Increasing drug associated deaths warn legislators, treatment providers and the society. Lax prescribing is responsible for a significant proportion according to the recent report from the Advisory Council on the Misuse of Drugs, Reducing Drug Related Deaths. It supports recent national guidelines on managing drug misuse, emphasizing the supervised consumption of controlled drugs. On the same theme, the UK Home Office proposes extending the licensing system for addiction prescribing to cover all controlled drugs except NHS prescriptions for methadone mixture. Yet an expansion in the licensing system is likely to reduce accessibility of treatment and so increase drug related deaths. We believe that a clinical governance based solution would more successfully enhance treatment quality, safety, and accessibility. Currently Home Office licenses cover only heroin, cocaine, and dipipanone, and about 100 doctors (mainly specialist psychiatrists) have licenses. The licenses encompass prescriptions for about 500 patients, most of whom receive heroin. Monitoring is indirect and low key, aimed at detecting negligently aberrant prescribing and self medication, rather than enhancing quality of care.
For most opiate users the most effective treatment approach is methadone maintenance combined with tailored counseling programmes.[1 2 5] Research also supports the efficacy and relative safety of alternative treatments such as buprenorphine and lofexidine and of injectable formulations in certain circumstances.

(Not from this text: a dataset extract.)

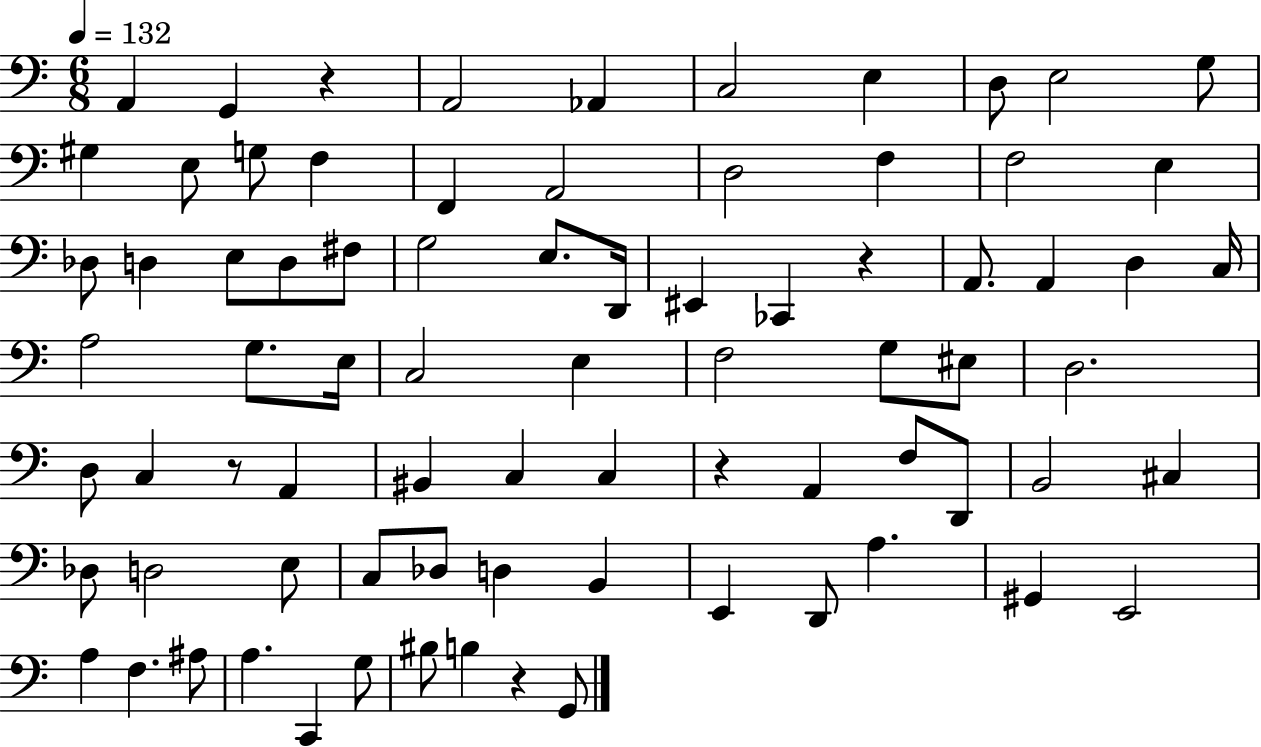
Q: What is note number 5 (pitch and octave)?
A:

Such evidence substantiates the continuing development of a modernized "British system," where the approach is to provide a range of management options, tailored to individual need. It has successfully encouraged many patients into treatment, considerably reducing morbidity--for example, from HIV infection. Even though the current hepatitis C epidemic cautions against complacency, mortality and morbidity remain much higher among drug misusers outside treatment.[1 8]
Extending controlled drug licensing will substantially increase bureaucracy without ensuring responsible practice. The inflexibility will cause a range of practical prescribing difficulties--relating, for example, to cover for absent colleagues, continuing prescriptions in hospitals, and diminished access to private health care. Restrictions are also likely to stifle prescribing of methadone alternatives (contradicting the recommendations of the Advisory Council on the Misuse of Drugs) and associated research. The proposals also convey a negative message about drug misuse treatment, reinforcing the disinclination of generalists to prescribe for drug misusers. Fear of police involvement has already deterred many general practitioners, following recent high profile cases. If drug misuse treatment is singled out as requiring Home Office supervision, many doctors will consider it an optional extra best avoided. Reduced access to services would in turn have a deleterious impact on other health agencies and the wider community and increase drug related morbidity and mortality.
Licensing has failed to improve the quality of diamorphine prescribing to addicts. There are still no treatment protocols or agreed indications for use of this drug, and prescribing practice varies considerably across the country. Supervision by drug control agencies has not worked well elsewhere. In the United States both state and federal authorities closely monitor treatment, but one survey found that 68% of agencies set an upper limit for methadone dose of 50 mg/day, well below the therapeutic range recommended in their own Department of Health guidelines. This type of regulatory supervision tends to deter prescribing of controlled drugs rather than raise clinical standards.
The challenge is to continue developing accessible and effective services, thereby reducing the risks of all opiate related deaths, balanced against measures to reduce treatment related individual and community risks. For example Reducing Drug Related Deaths implicates methadone diversion as an important factor in accidental overdoses and recommends witnessed consumption. This would help ensure treatment compliance, reduce the potential for naive users to obtain methadone, and reassure professionals and communities. Such constraints may, however, discourage chaotic patients most at risk of overdose, have resource implications, reduce treatment retention, and conflict with important rehabilitation goals such as work and family responsibility.
The relation between methadone prescribing and drug related death is complex. Toxicology suggests that fatal overdoses usually involve combinations of drugs, often at therapeutic doses. Further research into diverted methadone is urgently required to establish who uses it and what role it has in overdose. There is a general acknowledgement that clinical governance, through education, training, audit, and evidence based practice, is the best way to improve standards. This is also a better model for improving drug misuse treatment. Measures based on governance include establishing local shared care monitoring groups, as recommended by the Department of Health clinical guidelines, and reviewing the prescriptions of individual practitioners through the prescribing activity (PACT) system. Studies consistently highlight general practitioners' training needs. The royal colleges of general practitioners and psychiatrists are both currently developing specific training for doctors treating drug misusers. Primary care group and trust developments provide a clear opportunity to harness clinical governance in the cause of more effective drug treatment services. Enhancement in the treatment class and accessibility we believe that this idea will show the way to sustainable decline in drug related deaths.